Post autor: Yakuti » 13 lis 2020, 23:28

I dlatego Yakuti raczej nikogo nie pocieszał. Jak widać jego słowa nie sprawiały, by rozmówca poczuł się chociaż trochę lepiej. Cóż, nie miał za grosz praktyki i treningu w tej materii; zazwyczaj przypominał raczej cień, przyczajony gdzieś obok, dzielnie słuchający - lecz odzywający się jedynie wtedy, kiedy zostanie bezpośrednio do odpowiedzi wyrwany. Wtedy też zresztą odpowiadał zdawkowo, by jak mniej samego siebie w słowach odsłonić. Pod tym względem może ta dwójka nawet siebie przypominała?
Gdy jednak @Laishia okazała swoje wątpliwości, poczuł się we własnej skórze jeszcze gorzej; jakby ktoś wyprał sierść w zza wysokiej temperaturze i skurczoną naciągnął na niego z powrotem. Chciał jej dobra. Tymczasem najpierw doprowadził ją do łez, potem natomiast sprawił, że posmutniała. Jak to uratować? Nie miał pojęcia. Szedł zatem w milczeniu, ze zwieszonym smętnie łbem. "Zawsze masz mnie"? Och, nie, przecież miał ją podnieść na duchu a nie dobijać jeszcze bardziej. "Po burzy zawsze wychodzi słońce"? A co z tymi ciągnącymi się od wielu dni, powodującymi powodzie i śmierć setek zwierząt?

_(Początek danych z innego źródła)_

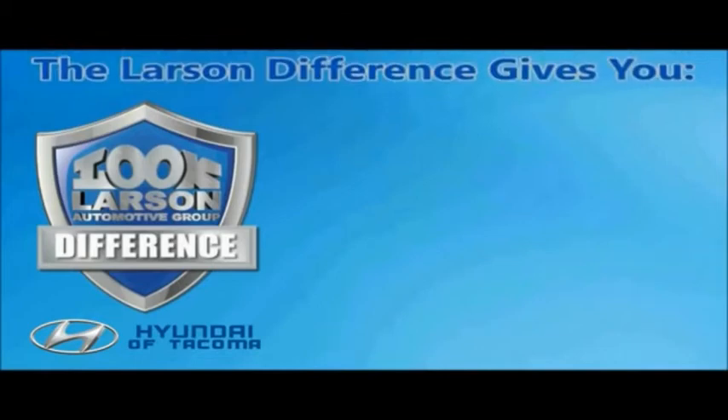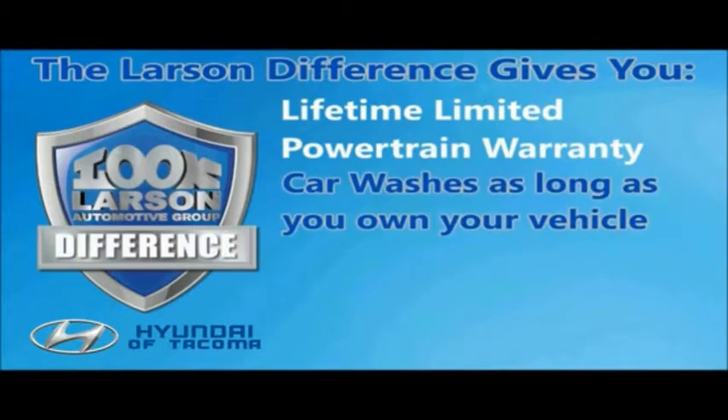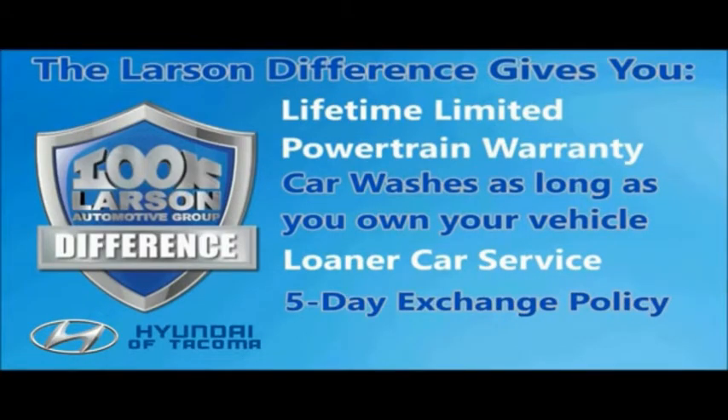You can always buy with confidence knowing you will be backed by a limited lifetime powertrain warranty, free car washes for life, free loaners, and a five-day vehicle exchange policy.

Czy słońce stanowi tu pocieszenie? A co z suszą, która zabija rośliny, potem roślinożerców, a następnie drapieżników? "Jutro będzie lepiej". A jeśli jutra wcale nie będzie? Czy miał prawo składać obietnice, których realizacji nie mógł zagwarantować?
- Wątpisz. Ale nie nie wiesz - odezwał się w końcu, po dłużacej się niemiłosiernie chwili milczenia, od czasu do czasu przerywanej jedynie przez szmer toczącej się ku Wielkiej Wodzie rzeki. Filozof, psia jego mać...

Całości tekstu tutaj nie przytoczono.